I remember a Lenten study about the Lord’s Prayer when a member of the group spoke up. “There’s a misprint in the bible! What about ‘the kingdom, the power and the glory…!’” The ‘doxology’ has been attached to Jesus’ words for so long that we are surprised when we don’t find it included in scripture.

 

Now, all four gospels make it clear that prayer is vitally important to Jesus. For Jesus, prayer was but a breath away…and something he could move into with little effort – unlike ourselves, who stumble around trying to find the ‘right words.’

 

As the gospel writers tell his story, Jesus prays…and prays many times, in a variety of situations! He calls the disciples (and the crowds!) to prayer…and examples of prayers pepper the gospel stories.

 

In Luke’s gospel alone, Jesus is said to be at prayer at his baptism; he appears deep in prayer during the forty days and forty nights he wandered the Judean wilderness; praying before he called his twelve disciples to leave their daily chores and to follow him; praying before he tells the disciples about his passion and what awaits him when they arrive in Jerusalem.

 

Jesus is at prayer at the Transfiguration on the mountain; and he is praying on the Mount of Olives as Judas, with the priests and the soldiers come to arrest him.
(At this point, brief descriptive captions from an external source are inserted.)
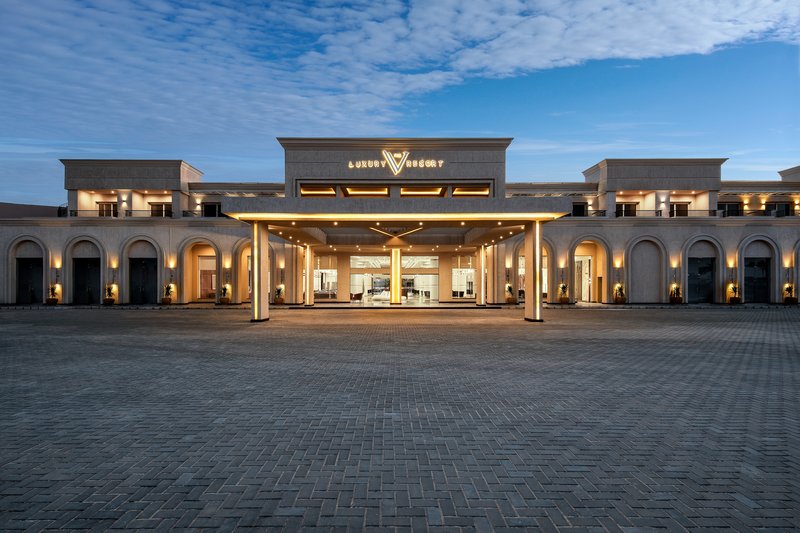 Hotel Th V Luxury Resort Sahl Hasheesh i Hurghada, Egypt - Billede 11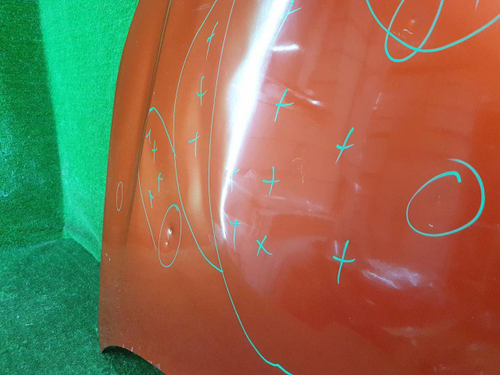 Капот Lada Granta (2018-н.в.)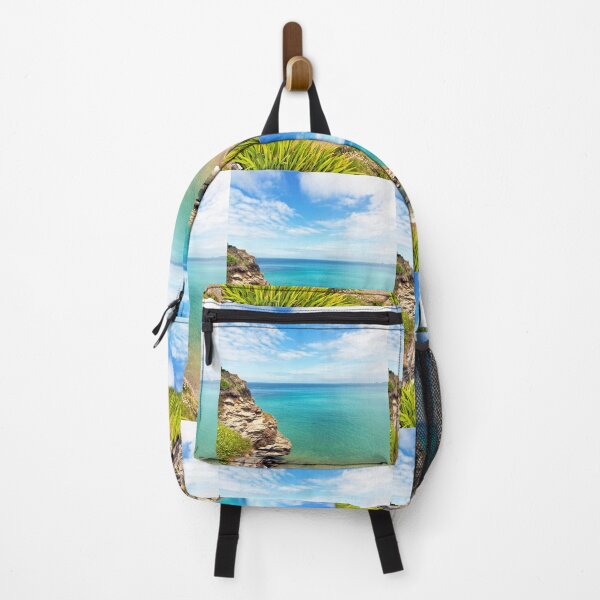 Item preview, Cliff Edge at St Agnes designed and sold by Terri Waters Photography & Design.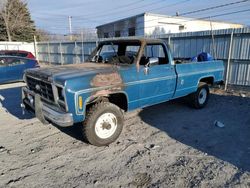 1979 Chevrolet K20 en venta en Albany, NY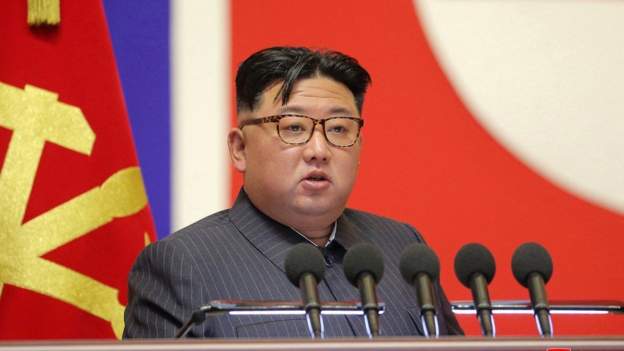उत्तर कोरिया ने संमदर में दागी बैलिस्टिक मिसाइल: दक्षिण कोरिया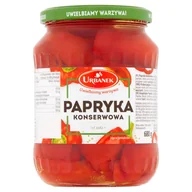 Pasztet i przetwory mięsne - Urbanek Papryka konserwowa 680 g - miniaturka - grafika 1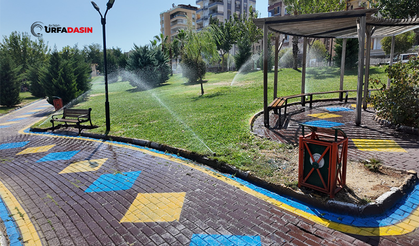 Karaköprü’yü Yeşillendirecek 26 Yeni Park İçin Çalışmalar Sürüyor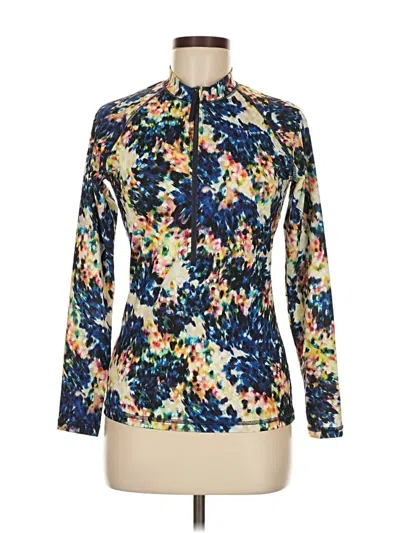 Pre-owned Jcrew Jacket In Blue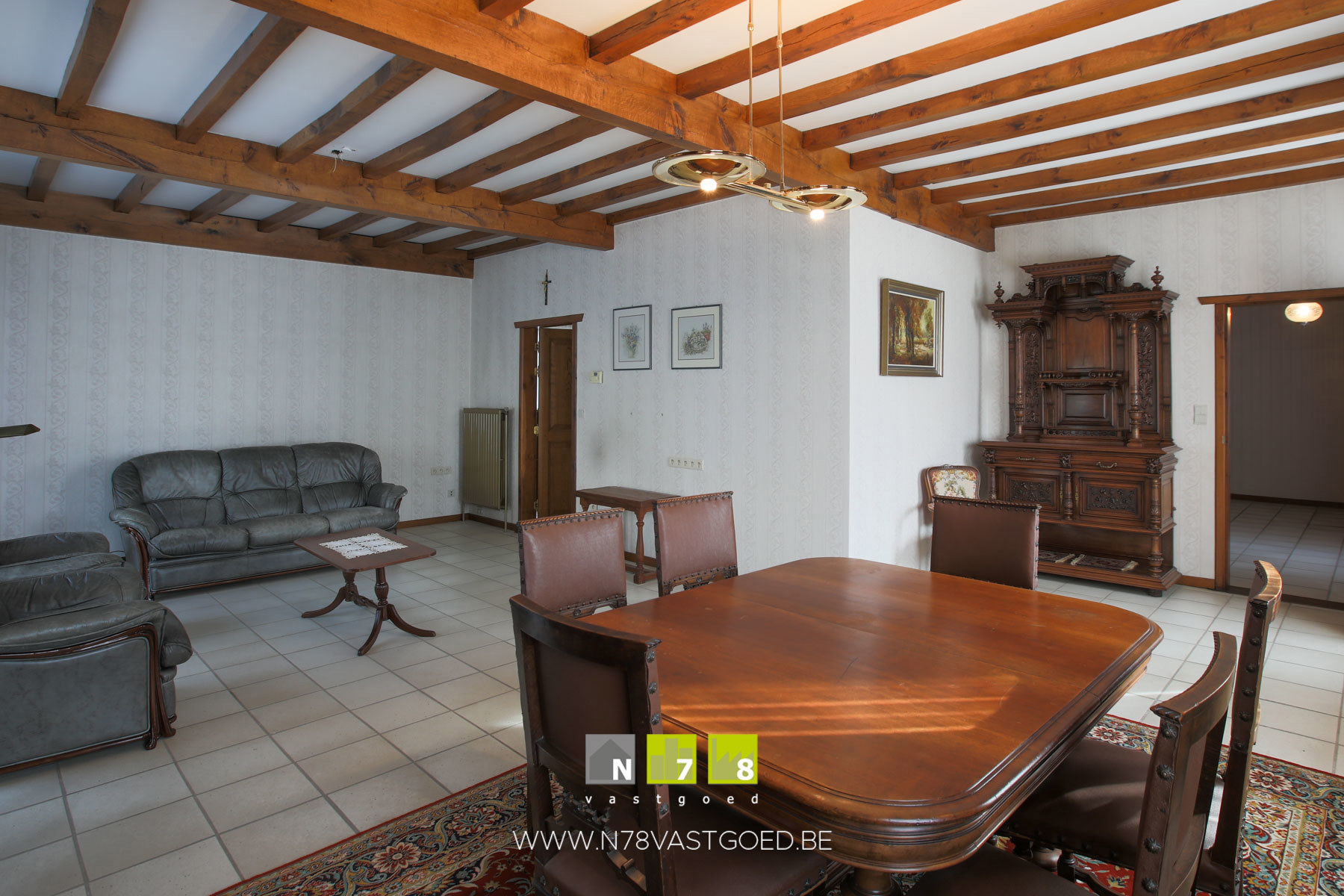 Huis te koop in Maasmechelen met 4 slaapkamers - foto 4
And he prays while dying on the cross.

 

Prayer is important to Jesus…and a necessary part of life.

 

As well as describing Jesus at prayer, Luke also included several stories where prayer is front-and-centre and not far from what is going on – for example right here, in the section of his gospel the readings are taken from these Sundays after Pentecost.

 

Now, faithful Jews expected all rabbis and teachers of the Law to teach their students how to pray in addition to teaching them about the commandments and the prophets. John Baptist, a zealot convinced God’s kingdom was come, would have taught his followers about prayer and how to pray. Jesus’ disciples, as students of God’s kingdom, naturally asked him to teach them about prayer and how to pray.

 

But prayer is difficult for us, something one learns – learns through experience, by trying to pray, by falling away from prayer, by taking a stab at prayer once again, many times over – by failing at it (we feel and judge) and by persevering (by grace) even when feeling we will never get it right.

 

There are two things prayer is definitely not! Prayer is not mysterious! And prayer is definitely not otherworldly!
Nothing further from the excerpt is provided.